*Stored data*:
- - - -
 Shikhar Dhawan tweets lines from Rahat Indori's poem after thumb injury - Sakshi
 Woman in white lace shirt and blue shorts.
- - - -
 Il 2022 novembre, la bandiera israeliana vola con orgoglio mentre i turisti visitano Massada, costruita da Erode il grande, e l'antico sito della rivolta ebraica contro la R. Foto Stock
- - - -
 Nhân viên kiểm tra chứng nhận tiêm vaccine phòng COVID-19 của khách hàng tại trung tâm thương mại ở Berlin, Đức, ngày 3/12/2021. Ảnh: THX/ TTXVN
- - - -
*Exercise goal*: All that is wanted is an exact copy of the lines above from the one with "Shikhar Dhawan tweets" through the one with "Woman in white lace shirt and blue shorts.", with both ends included.

*The answer*:
 Shikhar Dhawan tweets lines from Rahat Indori's poem after thumb injury - Sakshi
 Woman in white lace shirt and blue shorts.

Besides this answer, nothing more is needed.